Why is there this connection between Euler's number and $1/x$?

Question

I've seen plenty of easy to understand proofs showing that $\frac{dy}{dx}\ln(x)=\frac{1}{x}$ but what I'm looking for is a way to intuitively justify why $n=-1$ is an exception to the power rule for integration (besides the fact that it results in a $\frac{1}{0}$). Why is there this connection between $e$ and $1/x$?

Answer 1

Given $f(x)= a^x$ for some $a> 0$, the derivitive is given by the limit, as h goes to 0, of $\frac{a^{x+ h}- a^x}{h}$. That is equal to $\frac{a^xa^h- a^x}{h}= \left(\frac{a^h- 1}{h}\right)a^x$. The derivative is $\left(\lim_{h\to 0}\frac{a^h- 1}{h}\right)a^x$.

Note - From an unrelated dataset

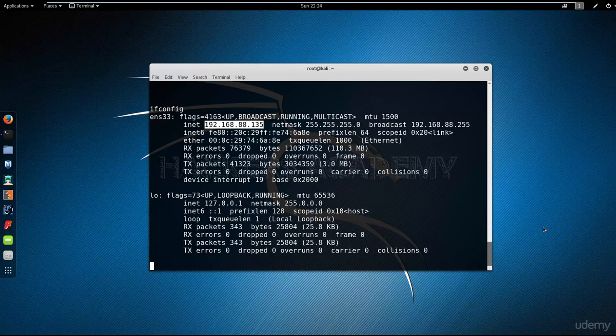The hacking for beginners course and the web applications fundamentals course. Both of these courses combined have everything you need to know to be able to successfully compromise this machine, so I'm not going to spoil it for you.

That is, the derivative of $f(x)= a^x$ is some NUMBER (that depends on the constant $a$, not the variable $x$) times $a^x$. In particular, if $a= 2$ that constant is $\lim_{h\to 0}\frac{2^h- 1}{h}$. For h= 0.001, that fraction is $\frac{2^{0.001}- 1}{0.001}= 0.6934$, much less than 1 so we can expect that the limit itself is less than 1. If x= 3, that constant is $\lim_{h\to 0}\frac{3^h-1}{h}$. When x= 0.001, that fraction is $\frac{3^{0.001}- 1}{0.001}= 1.0992$, larger than 1, implying that the limit itself is larger than 1.

That means that there exist some number a, between 2 and 3 such that the limit is 1. We call that number "e" so that the dervative of $f(x)= e^x$ is $1(e^x)$. (The world's easiest derivative!).

ln(x) is defined as the inverse function to $e^x$. That means that if $y= ln(x)$ then $x= e^y$. $\frac{dx}{dy}= e^y= x$ so $\frac{dy}{dx}= \frac{1}{x}$.

As for why the anti-derivative of $y= x^{-1}$ does not obey the "power law" you answered this yourself- if n=-1 then 1/(n+1)= 1/(-1+ 1)= 1/0 which is imposssible.